Passage of the bill came after nearly two months of difficult negotiations that followed Floyd’s death May 25 and the ensuing unrest that spread around the world over police brutality and racism.

"George Floyd's death brought an unprecedented urgency to the conversation around police reform and community safety," said Walz. "Every single person, every single Minnesotan deserves to feel safe and protected in their communities. This bipartisan piece of legislation moves us towards a critical step towards criminal justice reform. They're meant to strengthen transparency and community oversight."

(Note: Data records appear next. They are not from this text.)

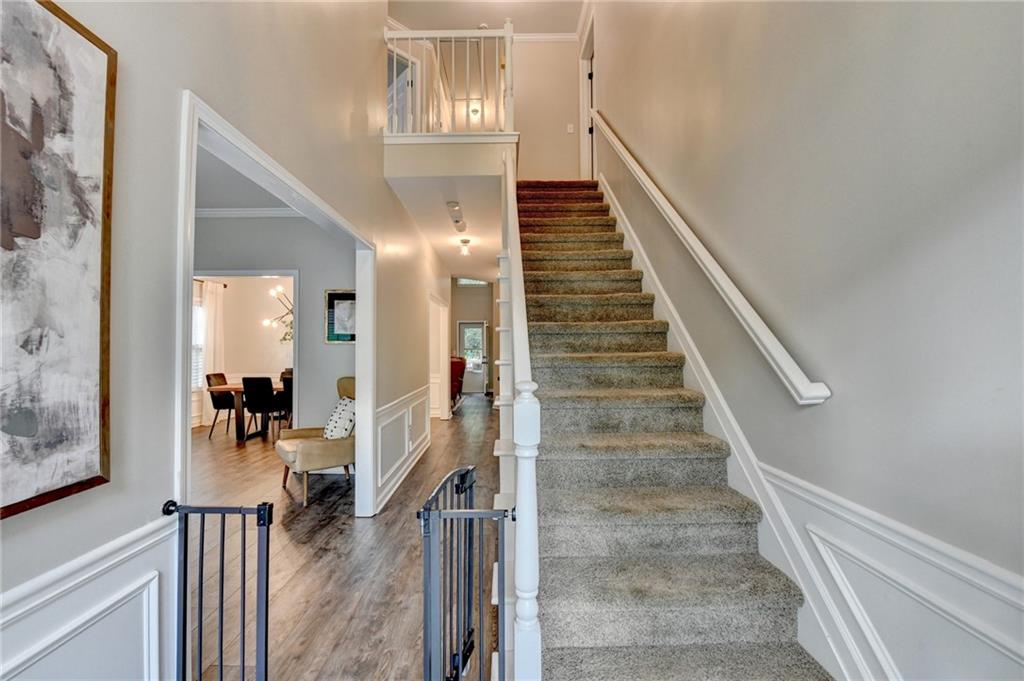 1130 Rome Drive Roswell, GA 30075 - Photo 4 of 96 a view of a hallway with wooden floor and staircase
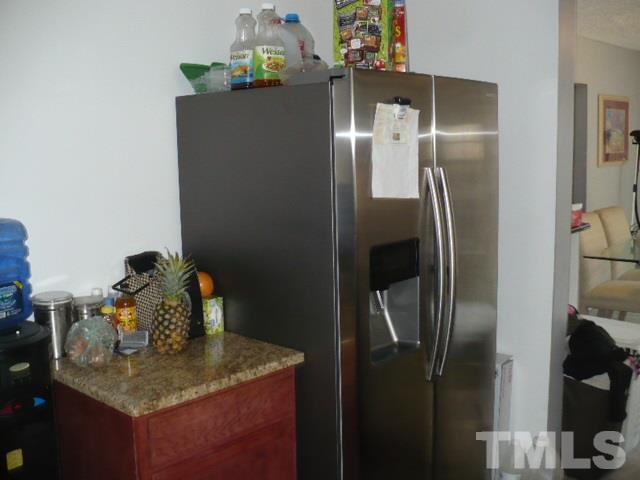 1311 Bethel Road Raleigh, NC 27610 - Photo 15 of 24 a kitchen with a refrigerator and countertop
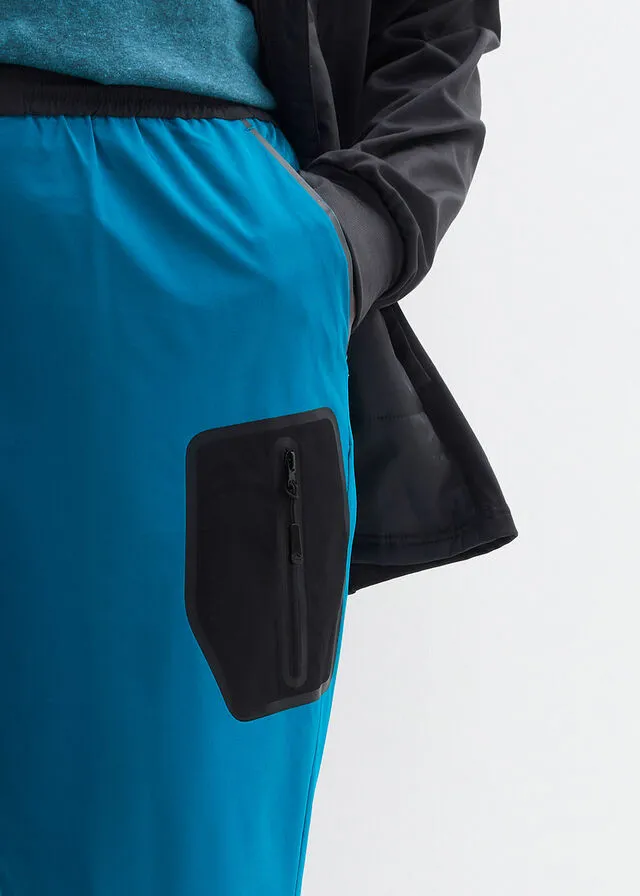 Pantalón elástico en 4 direcciones con material impermeable y bolsillos Negro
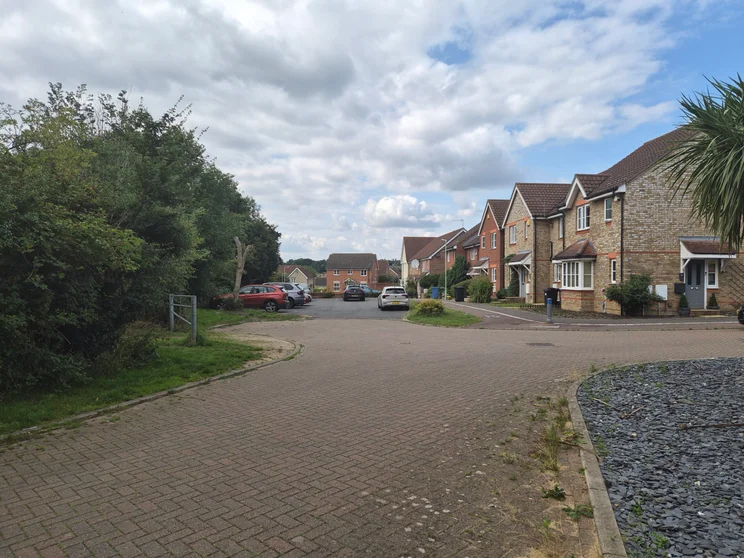 A quiet close of houses with cars parked out front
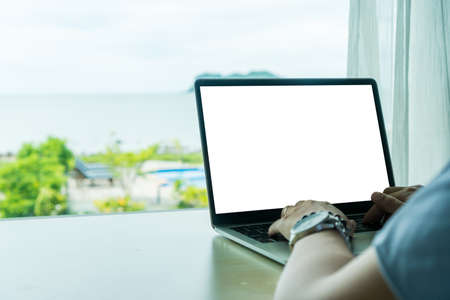 Woman using laptop and smartphone to work study in vacation day at resort room background.の写真素材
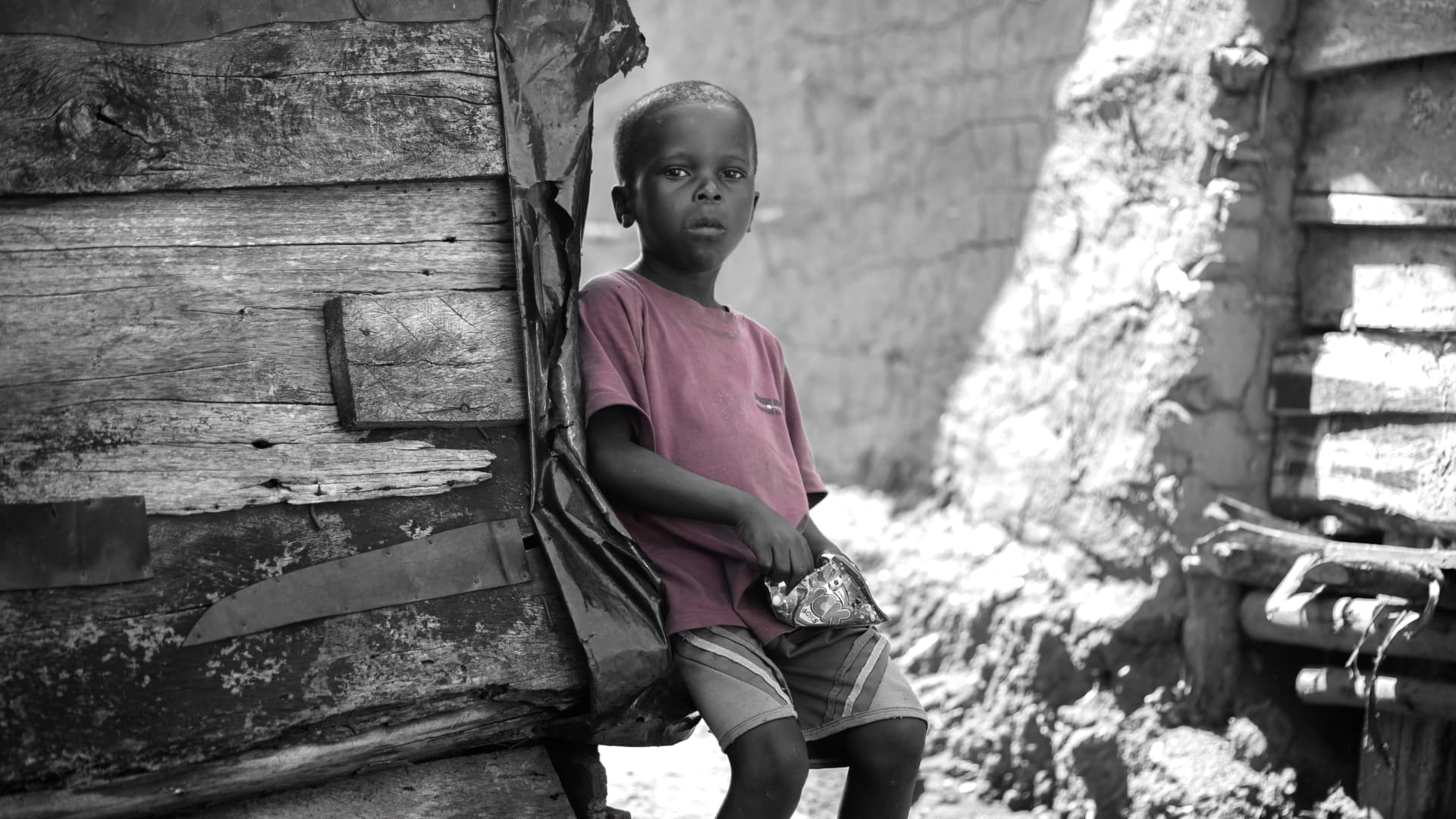 Black-and-white photo of a child sitting on a wooden structure outdoors.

"The death of George Floyd was incredibly tragic. The event unfolded over minutes and there was opportunities for intervention, there were opportunities to do different strategies," said Duluth Police Chief Mike Tusken. "There was a need for care and compassion, there was a need for respect of humanity that we didn't see. It was a tragedy that absolutely could have been avoided."

Almost two months after George Floyd's murder, a murder that struck a cord across the country, state leaders say we have taken a step forward in holding law enforcement accountable.

Tusken said they pride themselves in being progressive and innovative.

"The vast majority of items on this bill are items that we already have been practicing in our organization for some time," said Tusken.

Tusken added that this bill will improve policing and will make sure these new policies are adopted in the department.

"People will trust the police if our actions match our words and I think that is critically important in policing," said Tusken.

State leaders emphasized that this is only a first step in trying to fix the system that was long overdue and that a lot of work still needs to be done.

"I'm really grateful to be here taking the first steps towards meaningful police accountability and reform. I want to be clear, these are only the first steps. The bill that the governor signed today is not everything that needs and should be done. Our commitment to the people, the families and communities impacted by police violence does not start or end here today," said Lt. Gov. Peggy Flanagan.